3.4 Cryptographically secure random numbers

Almost all cryptographic applications require the availability of numbers that are sufficiently unpredictable. Examples are the creation of keys, nonces and salts. With this library, you can generate cryptographically strong pseudo-random numbers for such use cases:

[det]crypto_n_random_bytes(+N, -Bytes)

Bytes is unified with a list of N cryptographically secure pseudo-random bytes. Each byte is an integer between 0 and 255. If the internal pseudo-random number generator (PRNG) has not been seeded with enough entropy to ensure an unpredictable byte sequence, an exception is thrown.

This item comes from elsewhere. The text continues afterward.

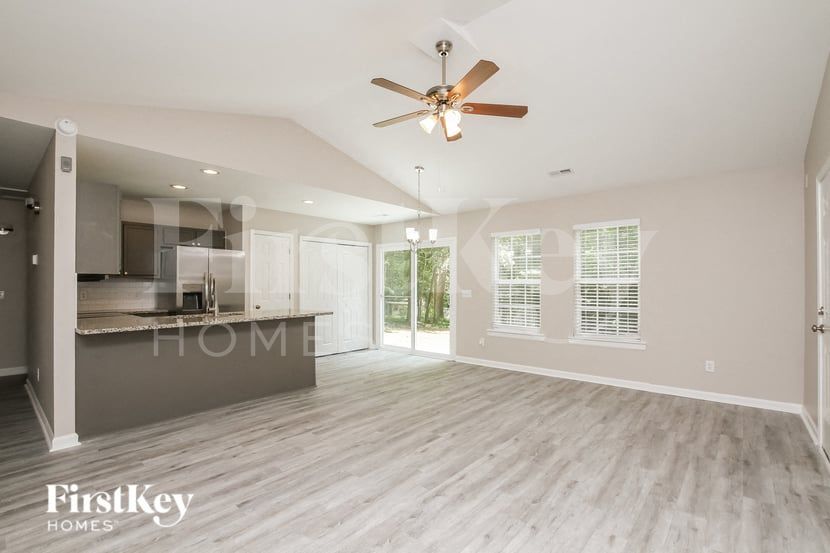 Building Photo - 128 Lismark Dr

One way to relate such a list of bytes to an integer is to use CLP(FD) constraints as follows:

:- use_module(library(clpfd)).

bytes_integer(Bs, N) :-
        foldl(pow, Bs, 0-0, N-_).

pow(B, N0-I0, N-I) :-
        B in 0..255,
        N #= N0 + B*256^I0,
        I #= I0 + 1.

With this definition, you can generate a random 256-bit integer from a list of 32 random bytes:

?- crypto_n_random_bytes(32, Bs),
   bytes_integer(Bs, I).
Bs = [98, 9, 35, 100, 126, 174, 48, 176, 246|...],
I = 109798276762338328820827...(53 digits omitted).

The above relation also works in the other direction, letting you translate an integer to a list of bytes. In addition, you can use hex_bytes/2 to convert bytes to tokens that can be easily exchanged in your applications. This also works if you have compiled SWI-Prolog without support for large integers.